Problem requirements:
In the listing below, locate the line with "13 Chiltern Close, Horwich, Bolton, BL6 7NN" and the line with "Photo 28 at", then output both and everything between them exactly, minus any pictures.

Extracted entries:
* * *

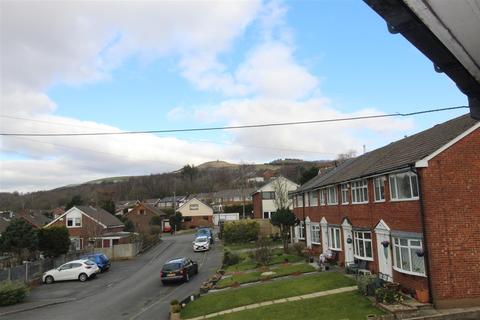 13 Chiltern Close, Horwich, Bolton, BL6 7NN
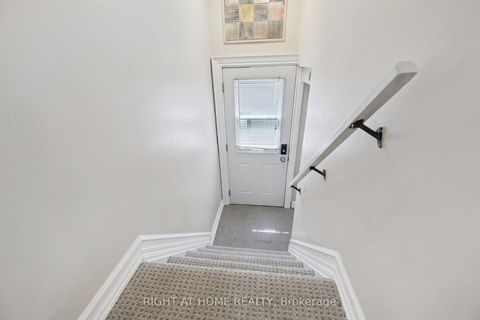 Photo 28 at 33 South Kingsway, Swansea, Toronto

* * *

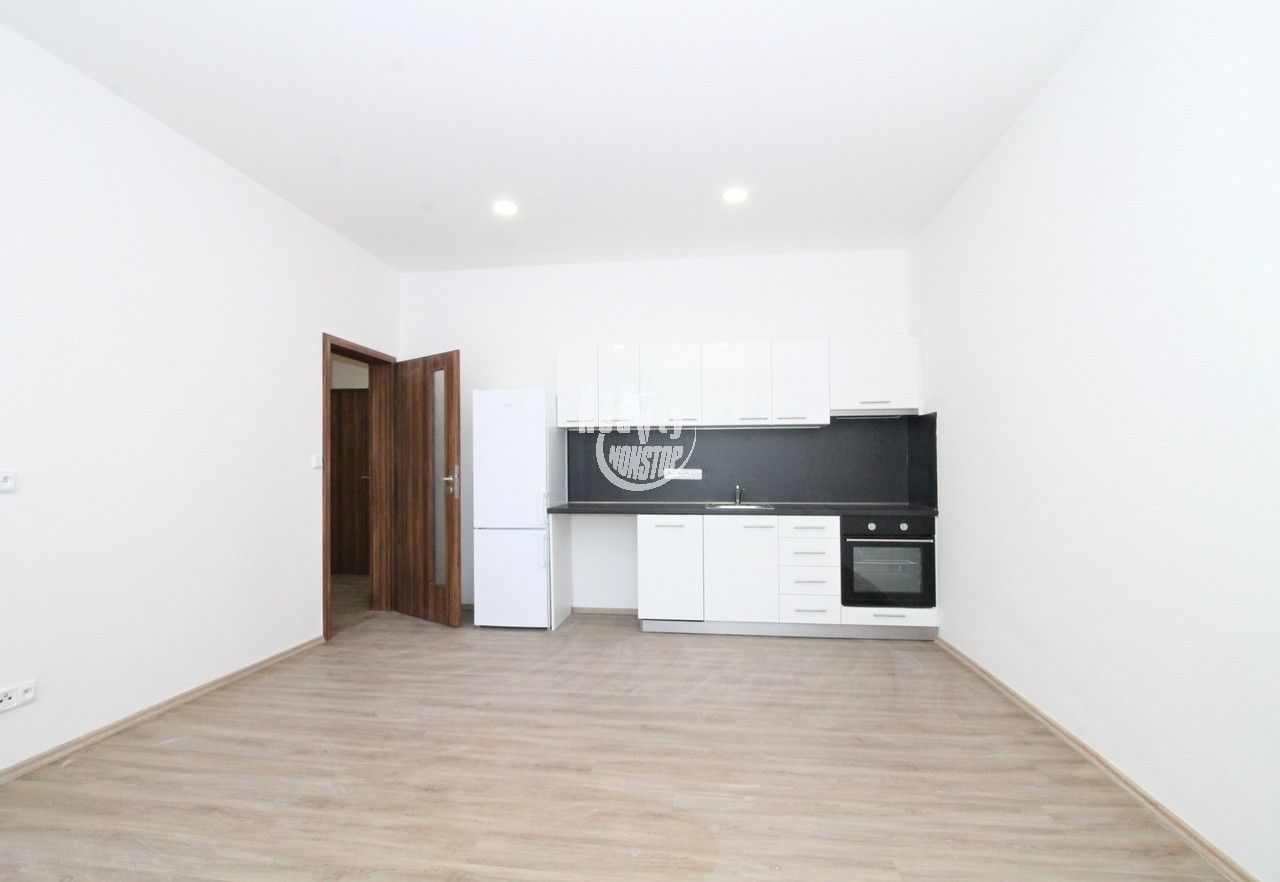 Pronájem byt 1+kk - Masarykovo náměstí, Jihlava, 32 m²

* * *

Result of this task:
 13 Chiltern Close, Horwich, Bolton, BL6 7NN
 Photo 28 at 33 South Kingsway, Swansea, Toronto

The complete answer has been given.